It all sounds sweetness and light, but there worrying signs that this commission has swallowed whole the ‘big telco’ story (no doubt because of incessant lobbying) on the need for network consolidation and on on the alleged parlous and disconnected state of European telecoms.

“When we look at Europe as a whole, however - not  just individual countries - we are still a long way from a truly connected digital single market,” says Ansip. “The next generation of tools is already there and coming online. Cloud computing, 5G networks, the internet of things, big data. Internet innovation is about speed and scale. If a company can't get that, it won't survive. But you can't really get that scale yet in Europe, because it is still divided by national borders when it comes to digital.”

The Vice President is conflating Internet connectivity with underlying network ownership -  the two are related but not in the way he implies.

When he speaks of “Cloud computing, 5G networks, the internet of things, big data” he speaks of inherently Internet applications or (in the case of whatever 5G is) supporting services. These all rely on an ‘open’ Internet and will continue to do so.  No ‘cloud computing’ play is going to be built on a single telco infrastructure, for instance; Internet of Things and Big Data are both totally reliant on end-to-end Internet connectivity to function.
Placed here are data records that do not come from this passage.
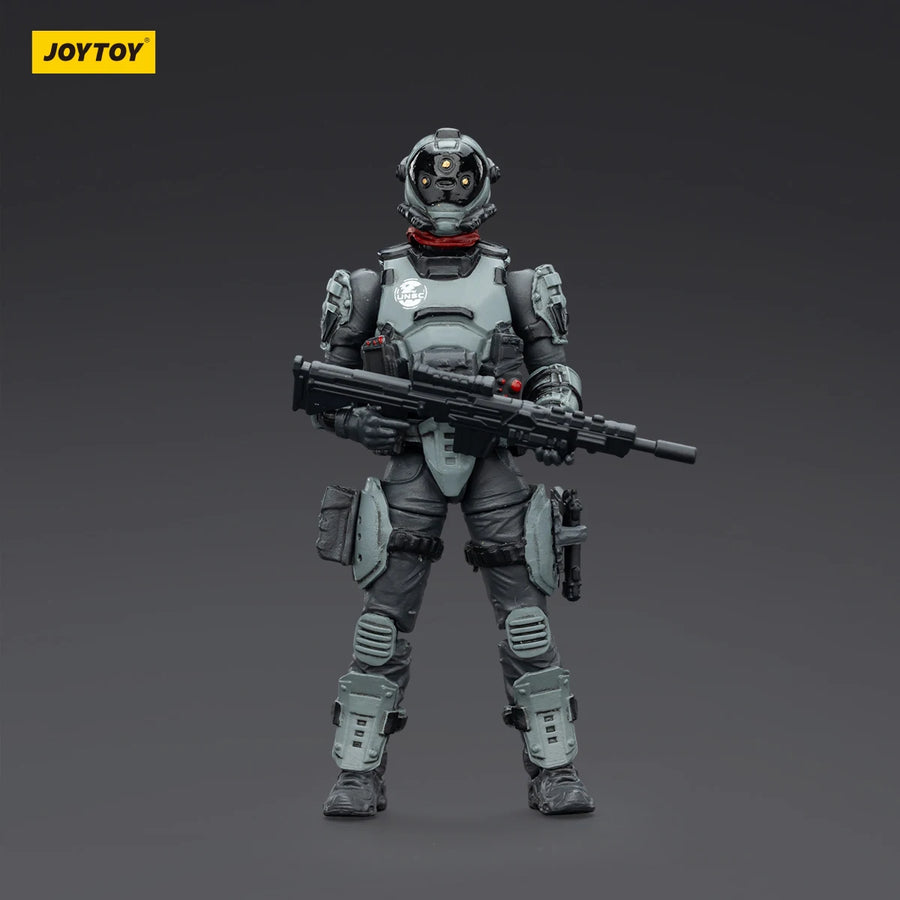 Dark Source 1/25 Scale 5PCS Set UNSC Mirage Squad Figurine Soldier Model Action Figure Doll Toy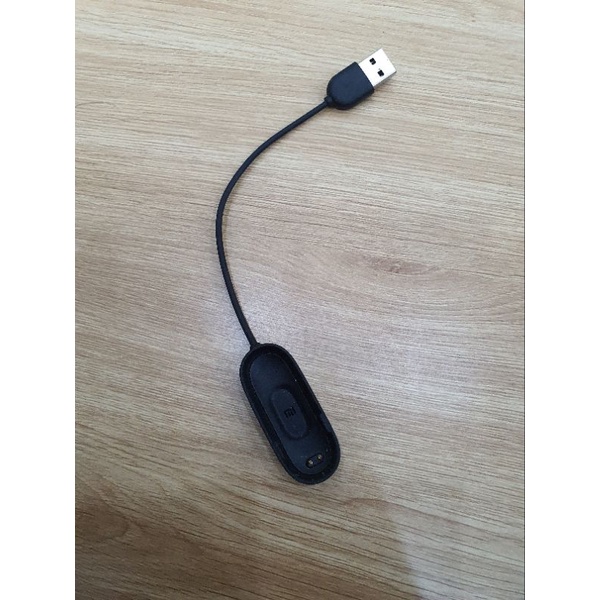 Sạc vòng đeo tay Mi band 4 cũ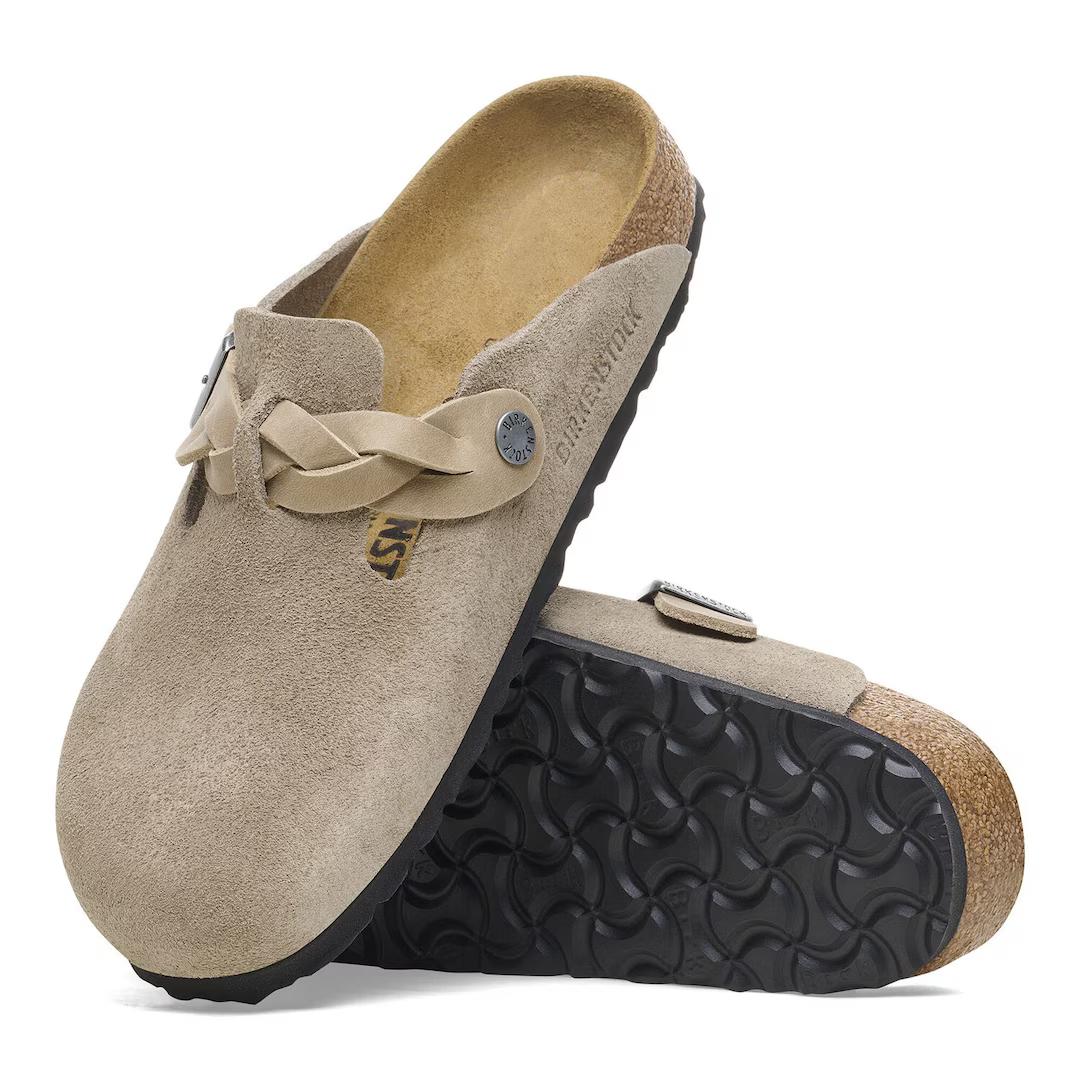 BOSTON BRAIED TAUPE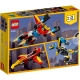 LEGO Creator "Суперробот" 31124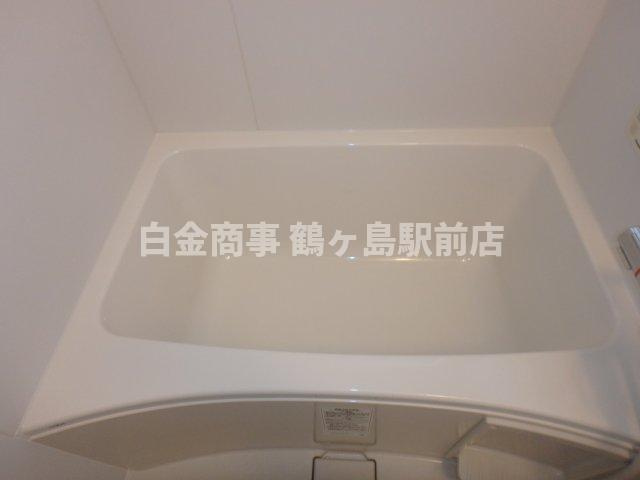 リヴェール高沢Ａの浴室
And up there at layer 3  the Internet isn’t compromised by there being ‘too many players’ or a ‘fragmented’ network environment’ either. Far from it. You can make a powerful argument that the Internet has always functioned best and been most competitive when there are a diversity of competing underlying network players to make it hum, both in the core and, certainly, on the access network.

So what about Europe's underlying infrastructure. Are there too many networks? Do they need to be consolidated? Not if you’re thinking about the competitive health of the Internet running across the top, which the VP, through his examples of what he wants to see encouraged, seems to be doing.

Then there is the question of the single digital market  -  a laudable aim and one that would clearly bring advantages of scale to someone, but one where the barriers are surely cultural and political, not technical and infrastructure-related.

“You know the numbers,” said Ansip. “Only 14 per cent of small and medium-sized businesses use the internet to sell online. Only 12 per cent of European consumers shop across borders.”

The first number represents, if it represents anything, the failure of the existing telcom providers to meet needs or provide relevant service offerings, on average, across Europe. Why making these providers larger and less close to their customers is going to address this problem is hard to see. I should have thought focused local providers would be in a better position to coax small, probably uni-lingual businesses online.

Shopping across borders. Well there may be lots of bureaucratic barriers here and it will be laudable if they are chopped down, but again Ansip is conflating non-network factors with supposed existing network limitations. If there is very little cross-border retailing going on in Europe over the Internet, it’s not because of any connectivity problems. In fact some retailers expend a lot of energy trying to geo-isolate their customer segments simply because the open Internet (left alone) already creates the borderless nirvana (but not for them) that Ansip claims to be trying to grasp.

So why?  

“Seamless communications and online access,” says Ansip. “Fast, reliable, secure connectivity – everywhere. We need it for Europe's competitiveness and to improve the provision of public services. This is why the Telecoms Single Market package is so important. It is designed to stimulate and attract the investment that Europe's telecoms sector needs.”

Ah! It’s the telco lobby. In the US the demand is for an end to net neutrality, here in Europe it’s a quest for the right to consolidate down to a comfortable few players so that fatter profits can be made. “Without that.” the line almost certainly goes, “we couldn’t possibly make out an investment case to our shareholders.”